▶ _What you are asked to do_
Keeping every word the same, give again only the lines from the one with "Satin Stripe Sweatshirt" through the end of the data, both included, and leave every picture out.

▶ _Given information_
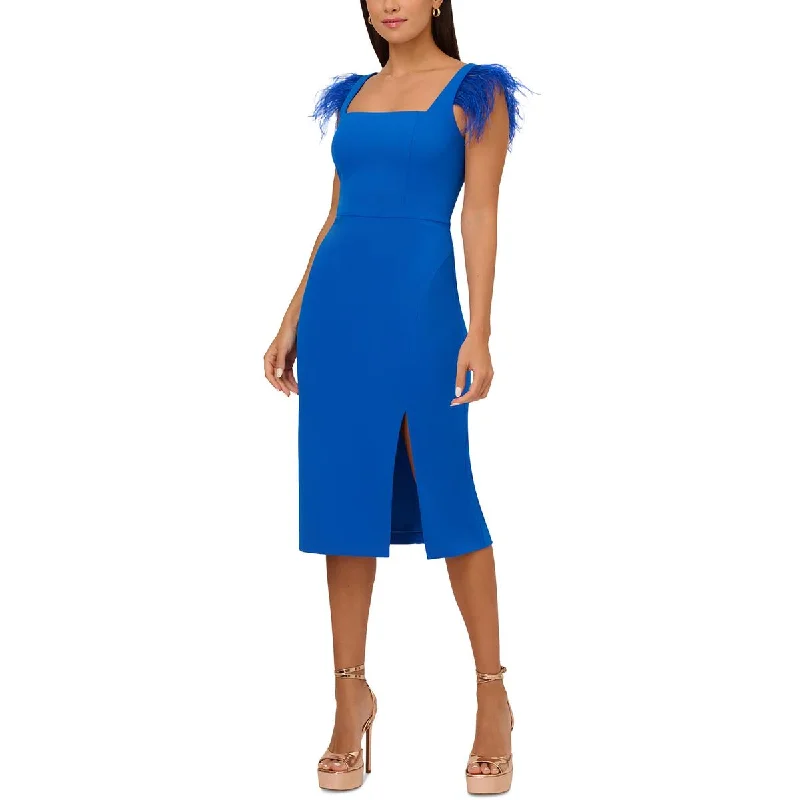 Cotton Dresses for Comfort -Aidan by Aidan Mattox Womens Ostrich Feather Knee-Length Sheath Dress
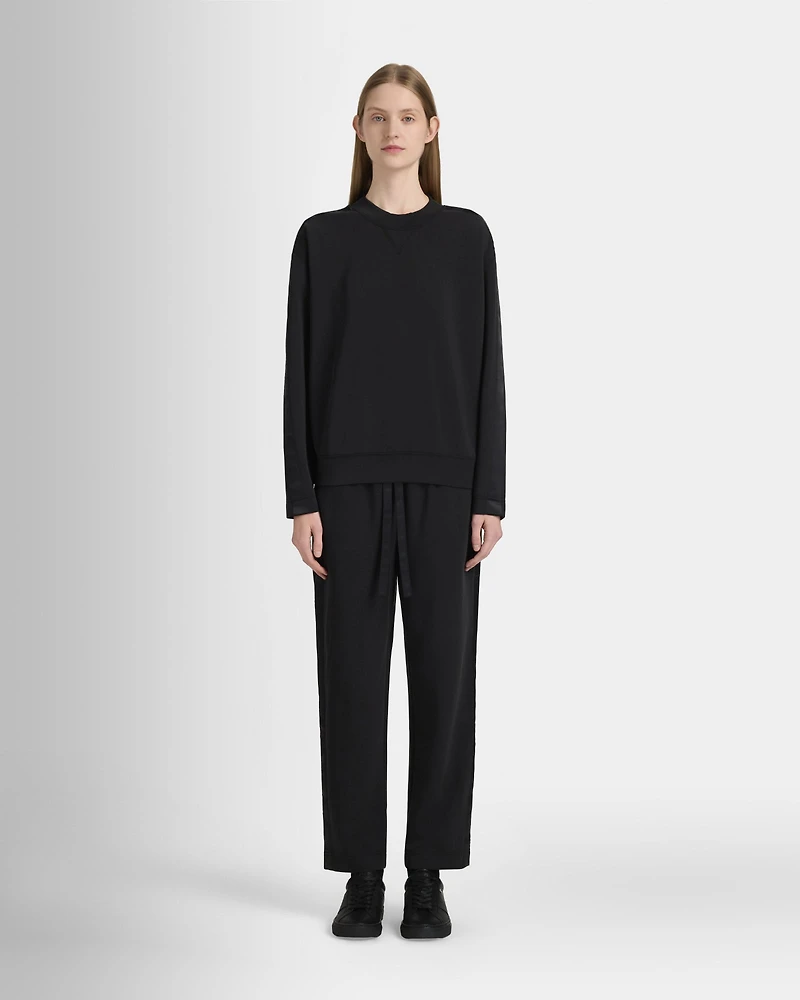 Satin Stripe Sweatshirt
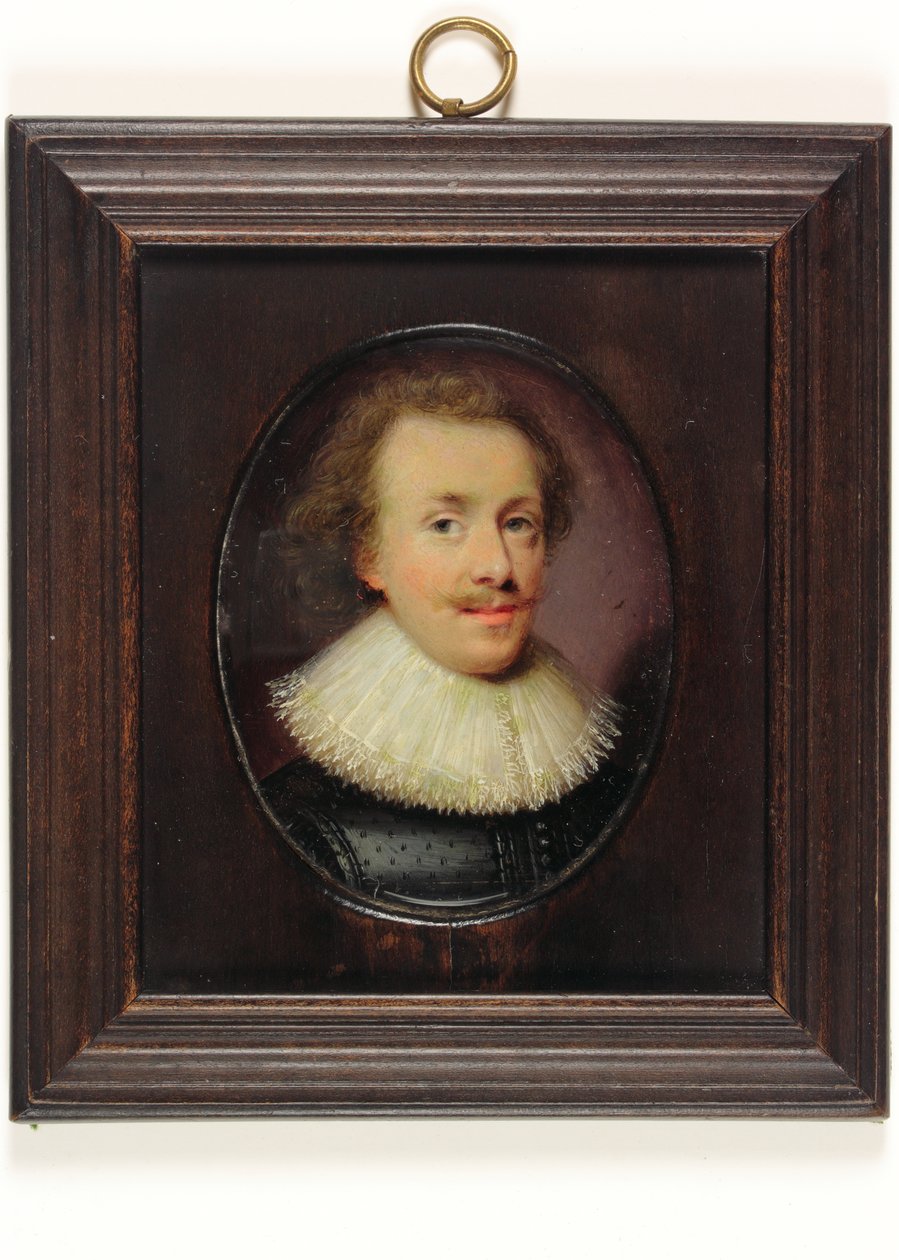 Un gentiluomo, in doppietto nero con colletto di pizzo da Cornelius I (attr.to) Johnson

▶ _Solution to the exercise_
 Satin Stripe Sweatshirt
 Un gentiluomo, in doppietto nero con colletto di pizzo da Cornelius I (attr.to) Johnson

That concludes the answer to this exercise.